How do I translate a WITH (CTE) to pandas?

Treat each CTE as an intermediate variable. WITH cohort_revenue AS (...) SELECT ... FROM cohort_revenue becomes cohort_revenue = df.groupby(...).agg(...) followed by another operation on it. The pattern reads more naturally because you see each step, but you can leak memory by holding onto intermediate frames. Wrap the steps in a function so Python can garbage-collect the temporaries.

Why does my groupby result have weird column names?

When you aggregate multiple columns with multiple functions — for example, df.groupby('city').agg({'revenue': ['sum', 'mean'], 'orders': 'count'}) — pandas builds a MultiIndex on the columns. The column names become tuples like ('revenue', 'sum'). Flatten them with result.columns = ['_'.join(c) for c in result.columns], or — much cleaner — use the named-aggregation syntax: .agg(revenue_sum=('revenue', 'sum'), revenue_mean=('revenue', 'mean')). The named-aggregation form gives you a flat column index from the start.

What is the pandas equivalent of QUALIFY?

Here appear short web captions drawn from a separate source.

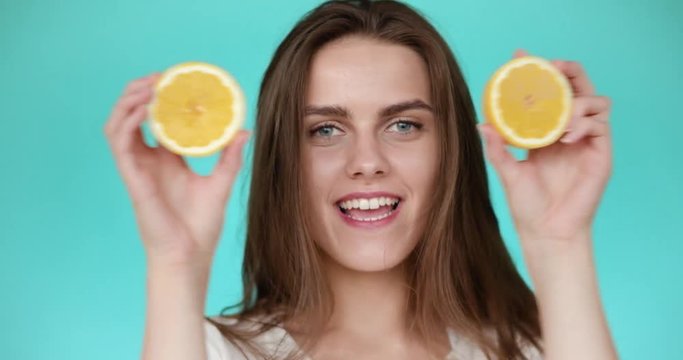 Yong girl covers her face with lemon. Girl dabbles and laughsTurquoise background.
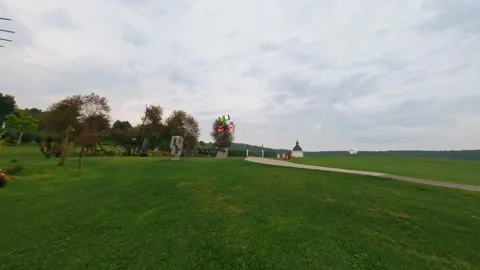 Shooting of fast drone FPV flying through green park with beautiful flower beds Video stock 183465287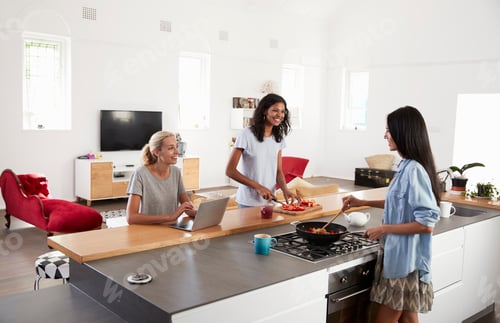 Preview: Three Female Friends Preparing Meal Together In Modern Kitchen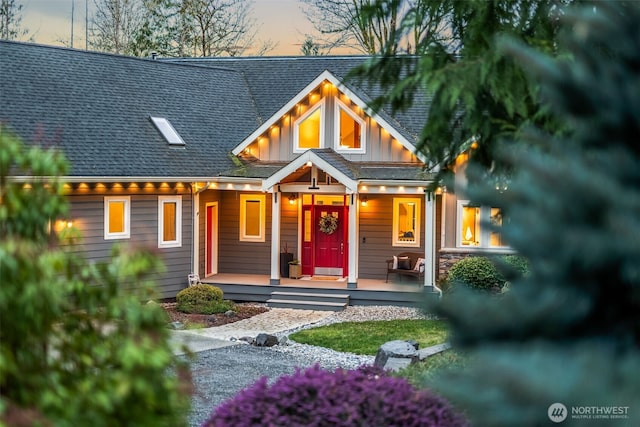 view of front of house with a porch, board and batten siding, and roof with shingles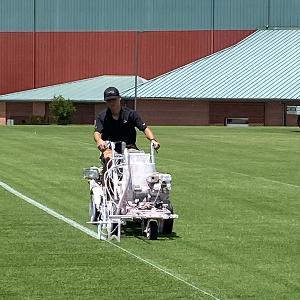 Jesse Tschetter painting field lines on the Atlanta Falcons training field.
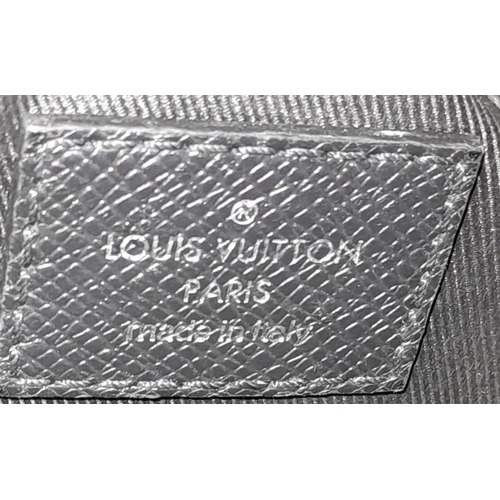 253 - Louis Vuitton Outdoor Messenger Bag.
A subtle tone-on-tone design with silver-colour hardware for a ... 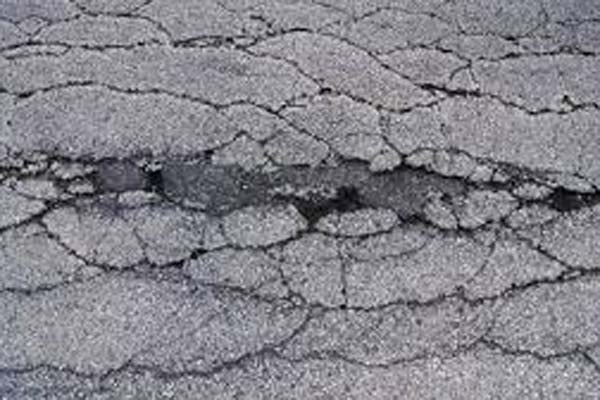 Asphalt laid by dodgy tradesmen often does not last very long.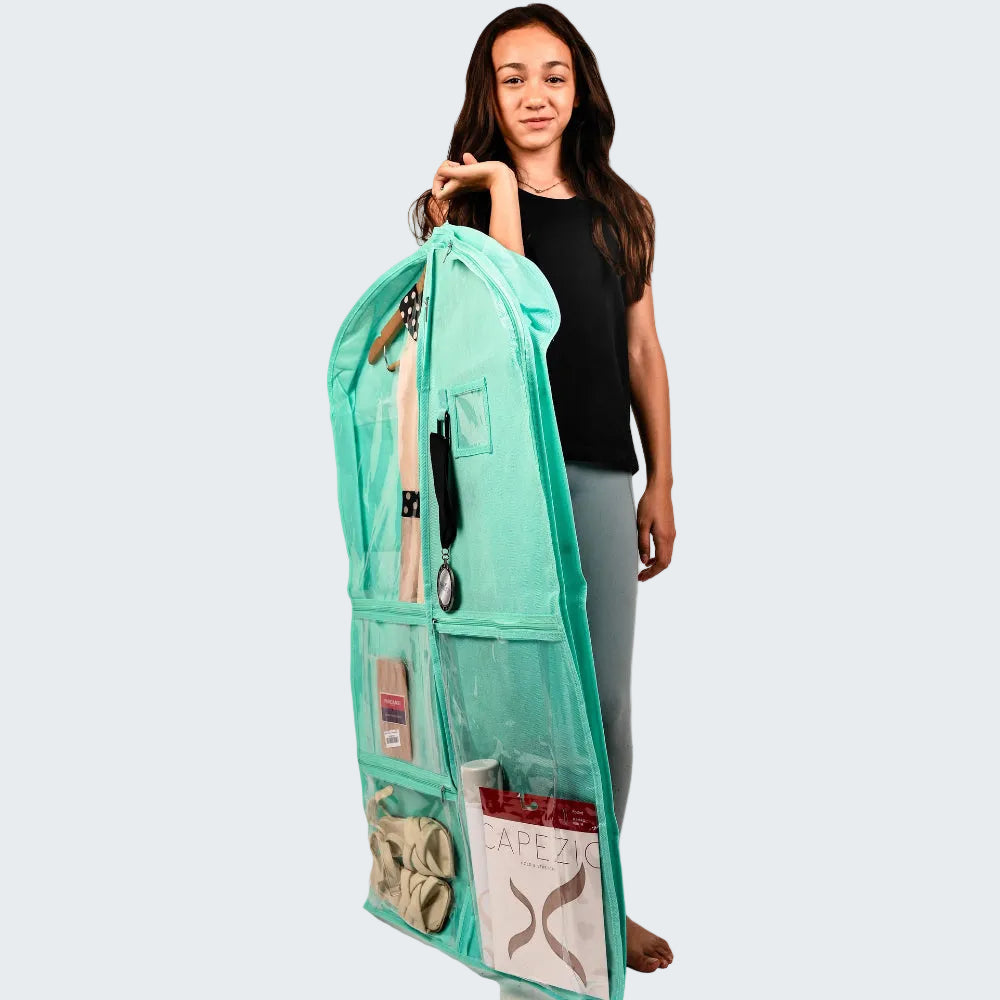 A woman holds up a mint green hanging organizer bag with multiple pockets and clear sections, shown against a plain white background.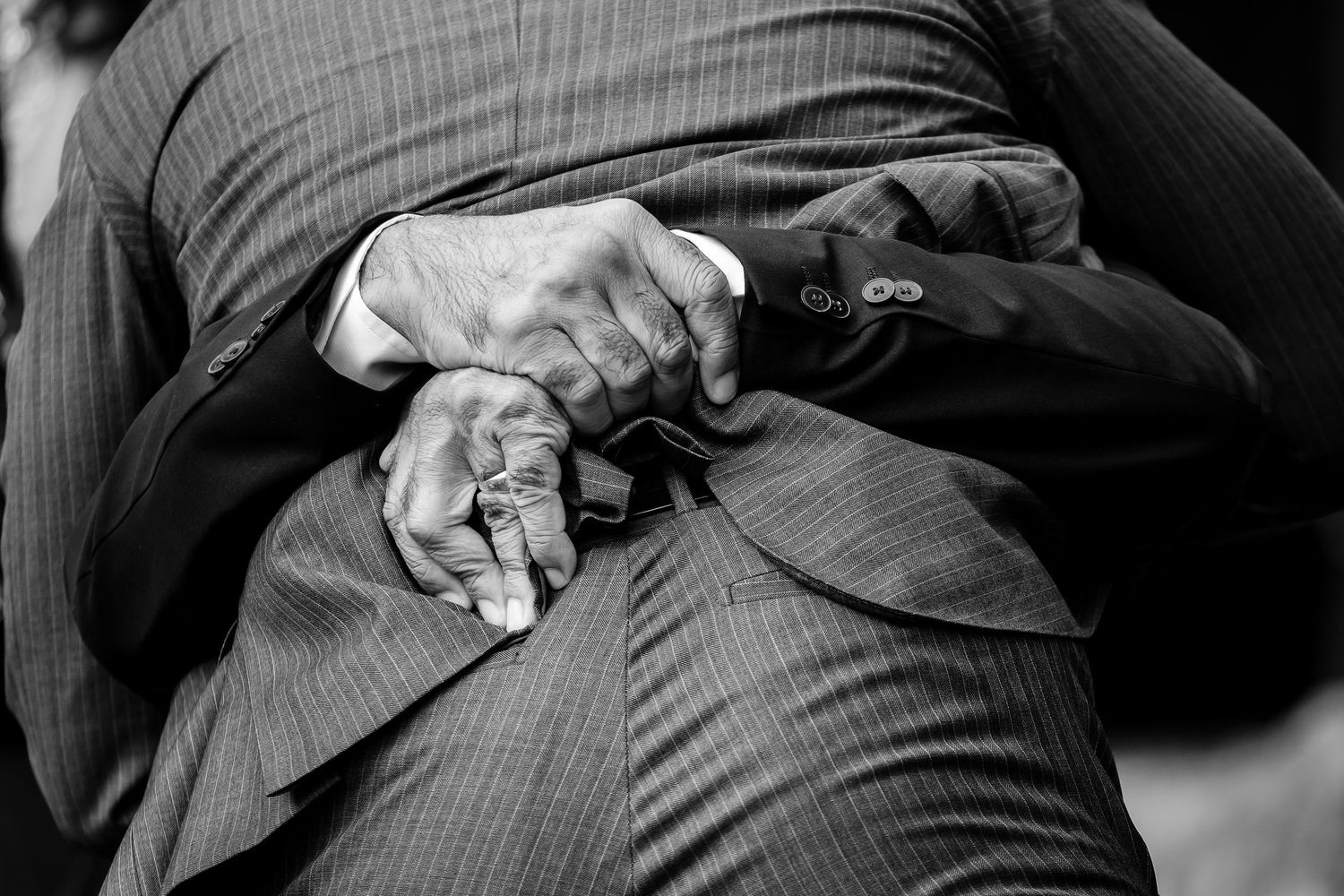 A person smooths and adjusts a gray pinstripe suit with two hands while standing up.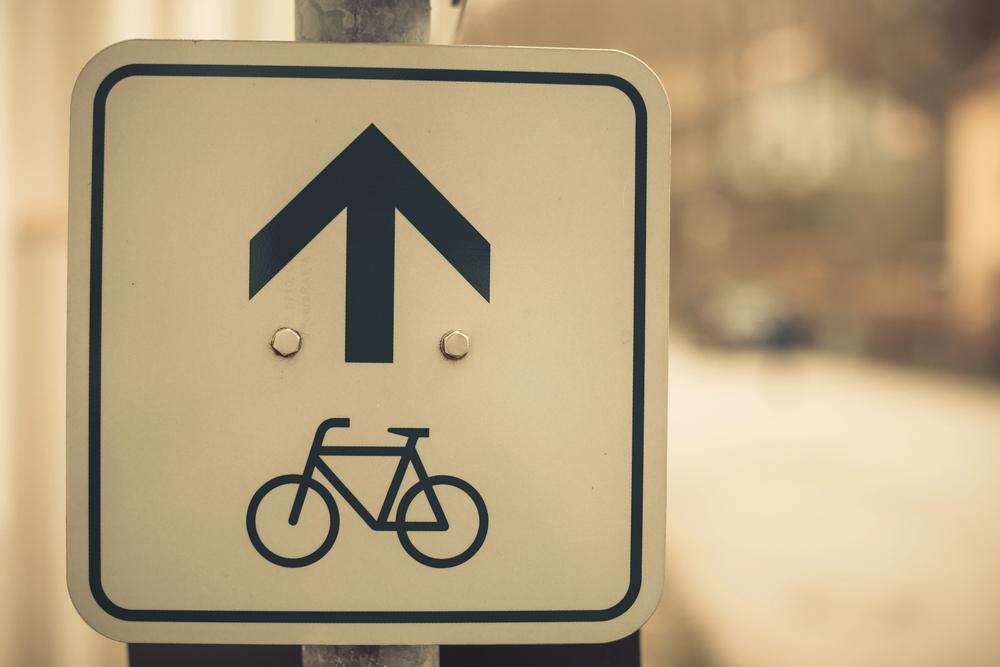 Sign indicating bike lane direction in Chicago, highlighting important Chicago bicycle accident laws and regulations, as advocated by Chicago bike accident lawyers for cyclist safety and legal rights.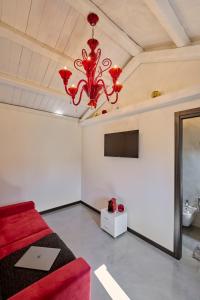 威尼斯Simone Cenedese Murano Apartments - Ambra的一间设有红色床和吊灯的房间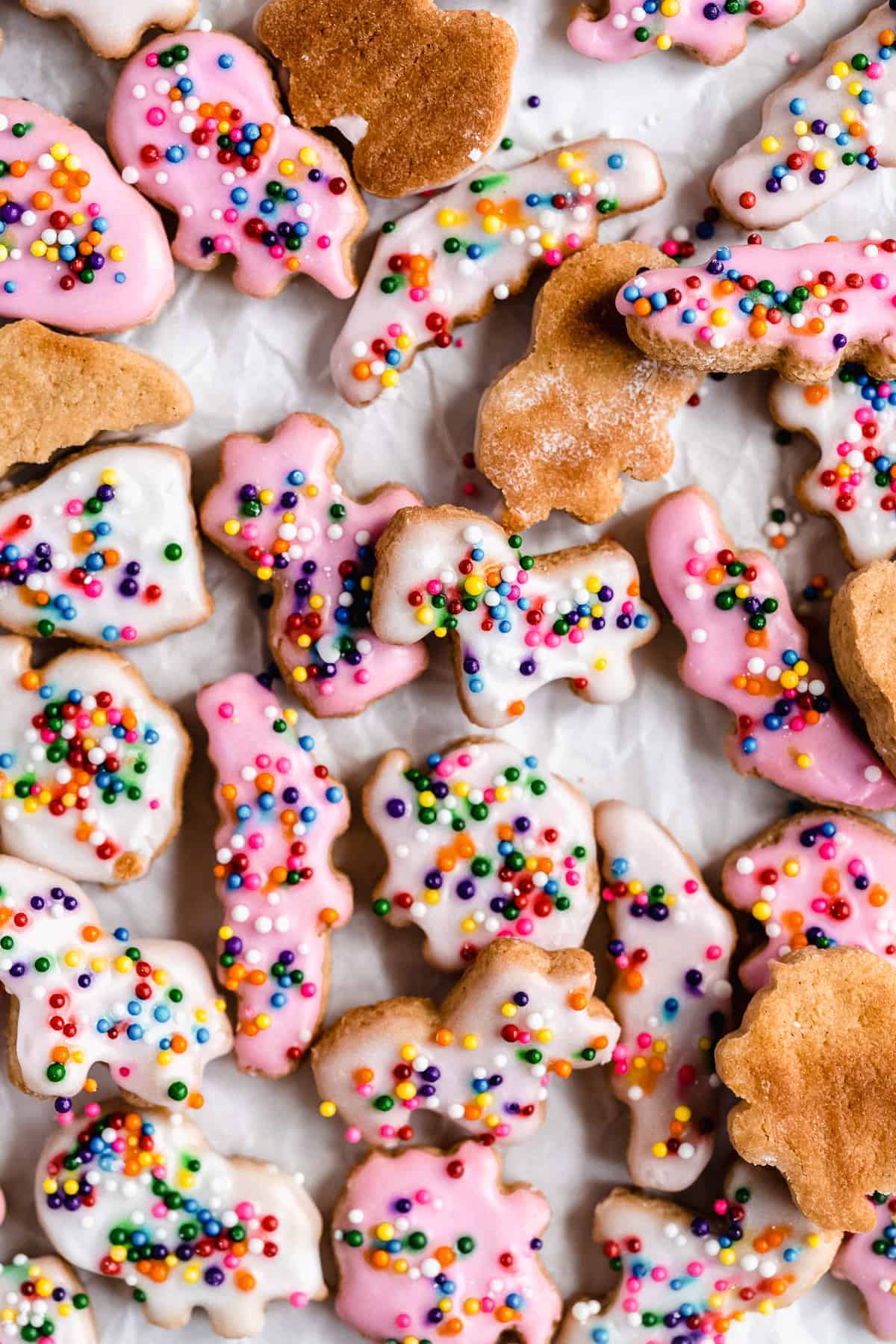 Pink and white animal crackers with sprinkles on a white surface.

QUALIFY (Snowflake, BigQuery) filters on the result of a window function in one statement: SELECT * FROM t QUALIFY ROW_NUMBER() OVER (...) = 1. Pandas has no single-step equivalent — you compute the window column, then filter on it. Example: df['rn'] = df.groupby('city')['revenue'].rank(); df[df['rn'] == 1]. Less elegant, but more debuggable.